§ ASSIGNMENT
In the records below, find the line holding "Minimal Berufliche Logos" and the line holding "Organize Your Hair". Set down both, with every line between them, exactly.

§ PROVIDED INFORMATION

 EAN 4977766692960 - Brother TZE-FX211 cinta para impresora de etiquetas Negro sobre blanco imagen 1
==
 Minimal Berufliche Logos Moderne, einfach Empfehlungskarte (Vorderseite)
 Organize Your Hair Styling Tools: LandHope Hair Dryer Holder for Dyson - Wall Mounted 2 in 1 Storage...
---
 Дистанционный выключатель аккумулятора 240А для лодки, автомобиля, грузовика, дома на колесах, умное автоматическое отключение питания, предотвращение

§ EXPECTED ANSWER
 Minimal Berufliche Logos Moderne, einfach Empfehlungskarte (Vorderseite)
 Organize Your Hair Styling Tools: LandHope Hair Dryer Holder for Dyson - Wall Mounted 2 in 1 Storage...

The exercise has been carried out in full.